The Divisional Court has ruled that the government’s ‘no recourse to public funds’ policy breaches Article 3 of the European Convention on Human Rights prohibiting inhuman and degrading treatment.

Claimant law firm Deighton Pierce Glynn (DPG) said a detailed judgment and order would follow, setting out the steps the Home Office needed to take to comply with the ruling.

The challenge to the NRPF policy was brought by an eight-year-old boy, supported by his mother.

The court was told that the boy, W, had had to endure extreme poverty for most of his life.

Under the NRPF policy, his mother is blocked from receiving child and housing benefits or tax credits, DPG said.

The court was told that W had been forced to move school five times and been street homeless with his mother. The judges were also told that J, as his mother was known in court, had been driven into debt and suffered from serious anxiety.

According to Landmark Chambers, whose Alex Goodman appeared for the claimant, Lord Justice Bean said: “We have decided that the Claimant succeeds on Ground 6 and that argument on the other grounds will therefore not be required. That is, in brief, because the regime comprising the relevant Immigration Rules, in particular GEN 1.11A of Appendix FM, and the instructions to caseworkers, as presently formulated, does not adequately give effect to the obligations which the Secretary of State accepts are imposed on her by Article 3 of the European Convention on Human Rights, as interpreted by long-standing case law of the UK courts.

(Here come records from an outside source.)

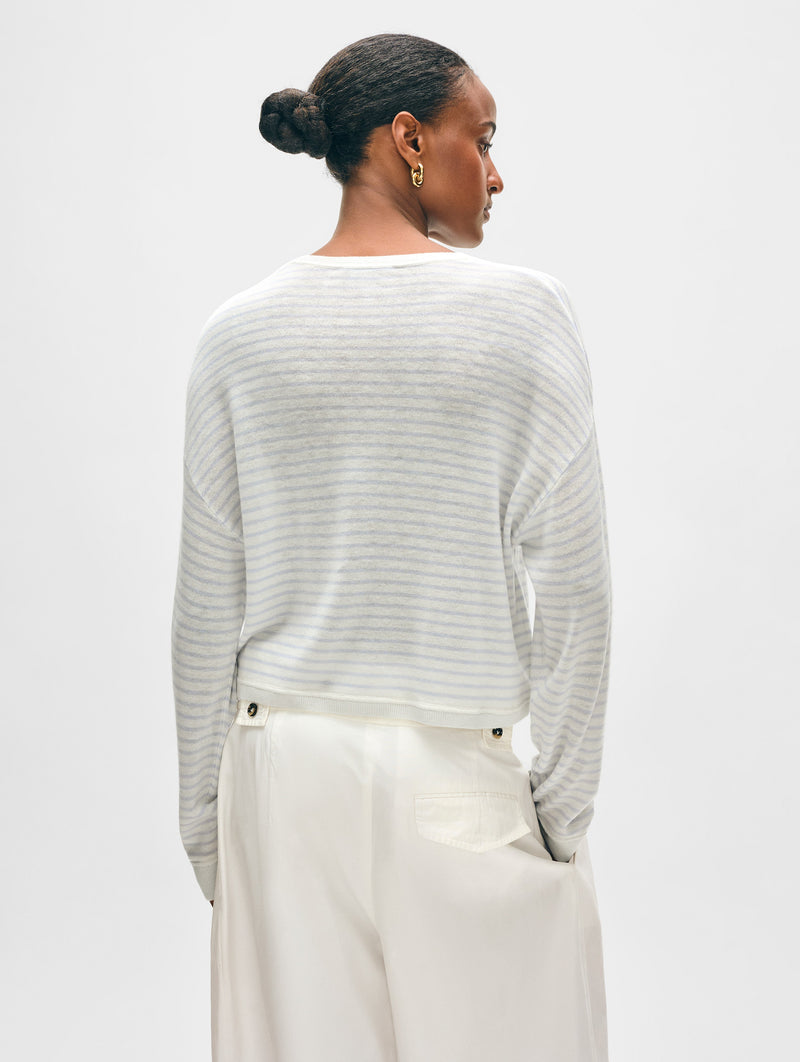 Superfine Cashmere Striped Sweatshirt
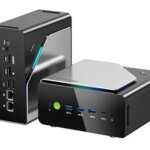 Мини-ПК с портами USB и HDMI, современный дизайн, компактные размеры, черный корпус.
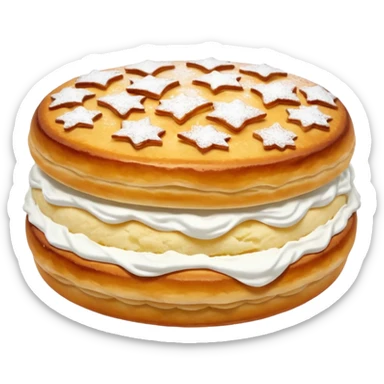 round oval shape pastry made with cottage cheese inside sticker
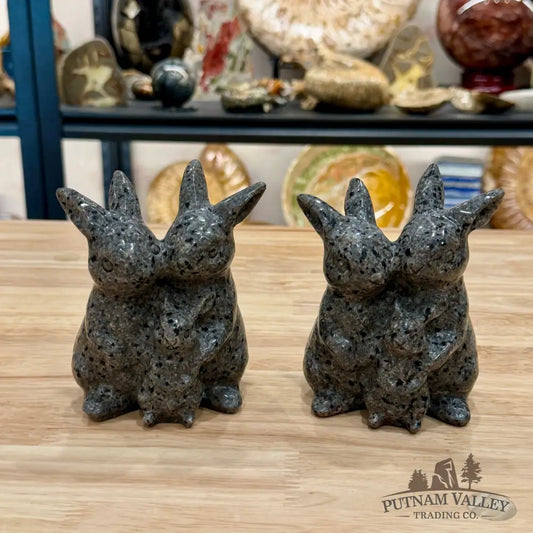 Yooperlite Rabbit Family, UV Reactive Glow - Sculpture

"Our decision will not affect the ability of the Secretary of State to continue to make grants of leave to remain in the United Kingdom subject to a condition of “no recourse to public funds” in the normal run of cases. It will, however, require aspects of the regime to be amended to make clear to caseworkers the circumstances in which they are obliged not to impose a condition of 'no recourse to public funds', or to lift such a condition if it has already been imposed, in the case of a person who is not currently destitute but will imminently become so without access to public funds."

Lord Justice Bean said the Divisional Court had not made any order today and would not do so until it had prepared and sent out in draft the detailed reasons for its decision. "We will at that point invite submissions in writing, and if necessary hold a further hearing, to discuss the precise terms of the order.”

Adam Hundt, partner at DPG, said: “We and many others have been telling the Home Office for years that this policy is causing immeasurable, irreversible damage to so many people, but particularly children like our client.

“The Home Office refused to listen and ignored all the evidence they were shown, so it has now been left to the courts to confront the truth, which is that the policy breaches human rights law.”

DPG's Hundt, fellow partner Ugo Hayter and trainee solicitor Althia Stephens instructed Landmark's Goodman.

The High Court challenge was supported by The Unity Project, a charity set up three years ago to support families facing destitution as a result of NRPF.

Project 17 intervened in the case, represented by Amanda Weston QC of Garden Court Chambers,and Bijan Hoshi and Ollie Persey of Public Law Project.

A Home Office spokesperson said: “The court’s ruling today was not on the principle of the no recourse to public funds policy, it was on the clarity in the policy for those applicants who are seeking to have the no recourse to public funds condition not imposed on them, or lifted if already imposed.

“The Home Office notes the court's judgment and that its full reasons will follow. We will provide submissions in response.”